» **Source material**:
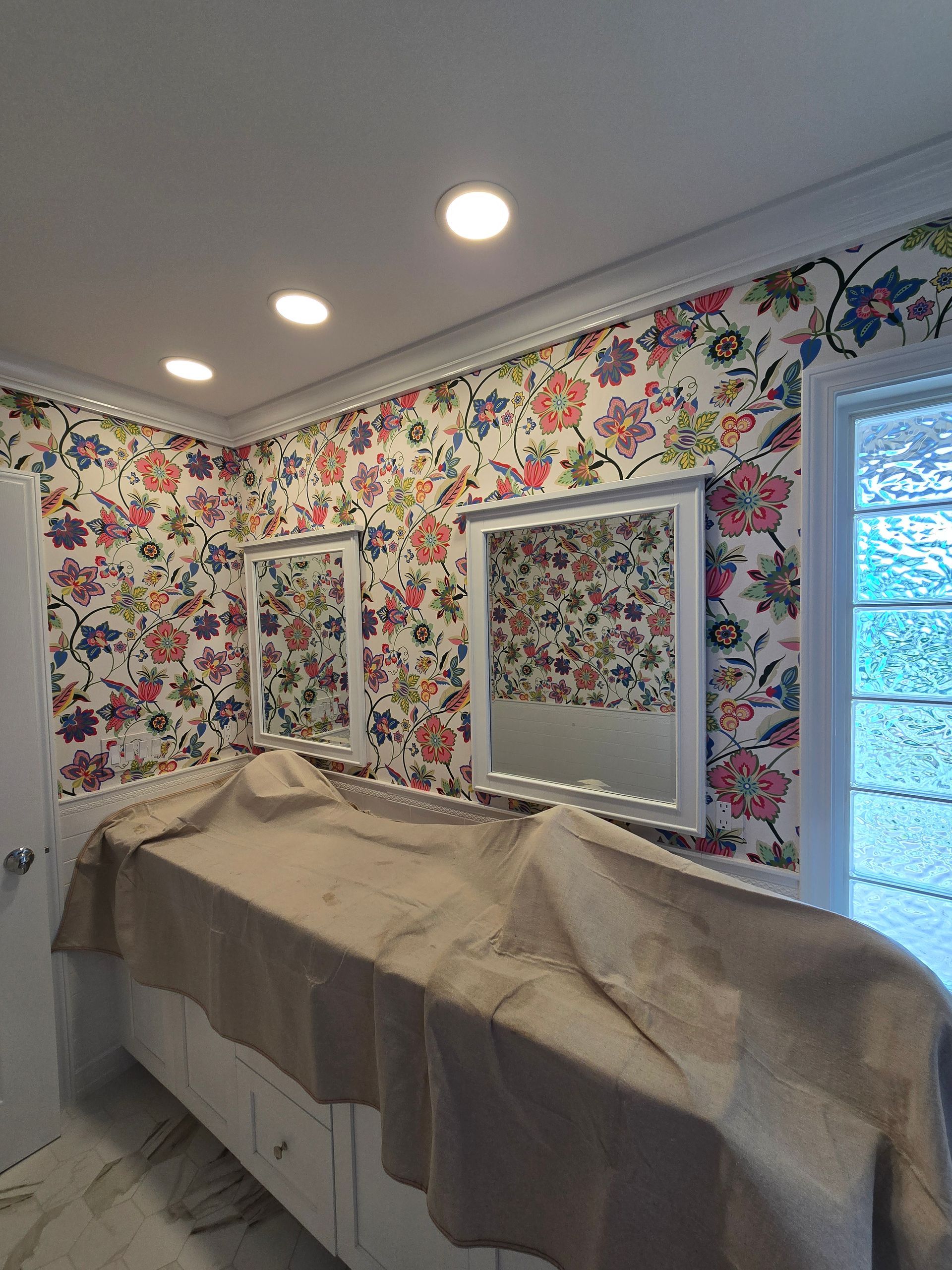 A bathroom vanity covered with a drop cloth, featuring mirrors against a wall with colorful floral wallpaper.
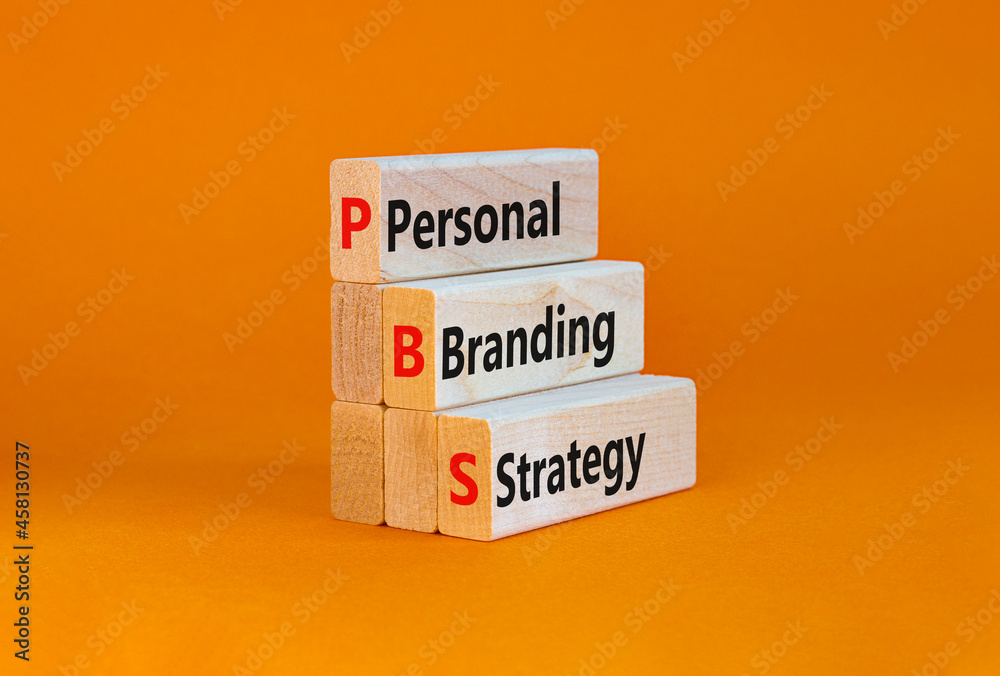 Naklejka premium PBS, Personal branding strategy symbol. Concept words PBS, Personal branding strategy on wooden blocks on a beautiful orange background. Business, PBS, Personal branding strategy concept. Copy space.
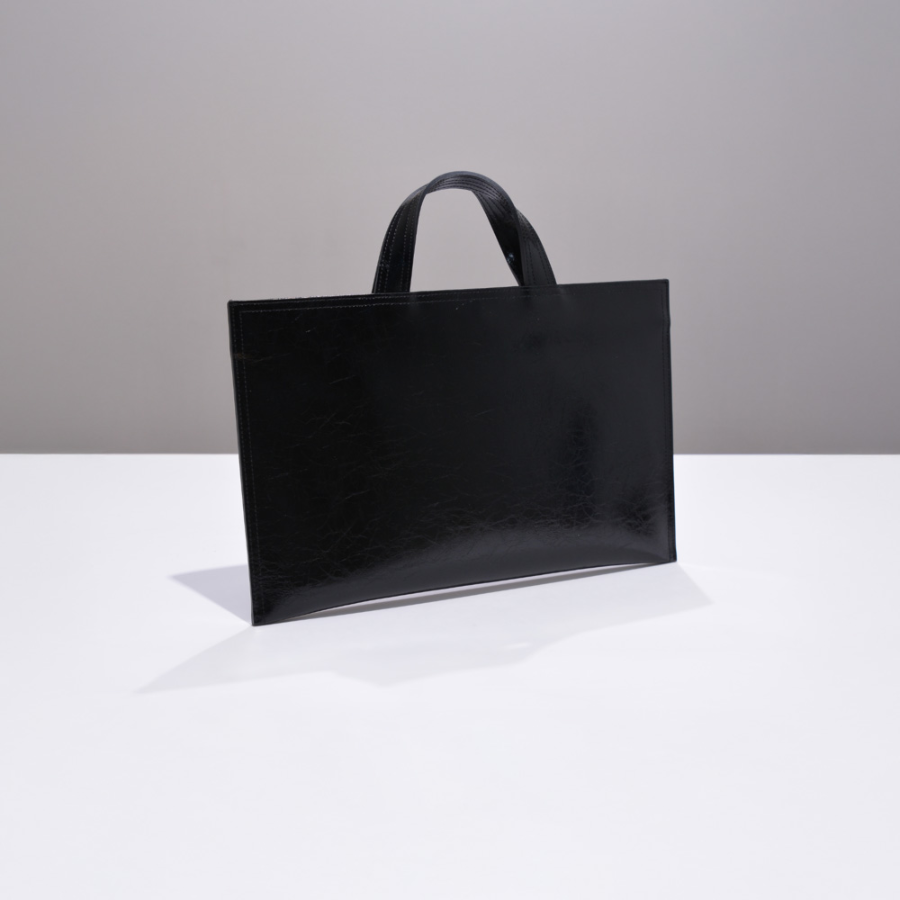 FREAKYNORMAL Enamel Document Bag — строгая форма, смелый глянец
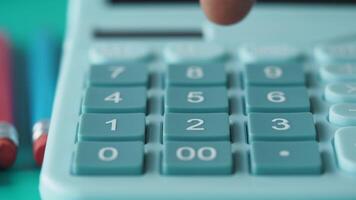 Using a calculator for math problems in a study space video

» **Assignment**: Where the line with "FREAKYNORMAL Enamel Document" appears, begin there and transcribe exactly through the last line of the data, leaving all pictures aside.

» **Task result**:
 FREAKYNORMAL Enamel Document Bag — строгая форма, смелый глянец
 Using a calculator for math problems in a study space video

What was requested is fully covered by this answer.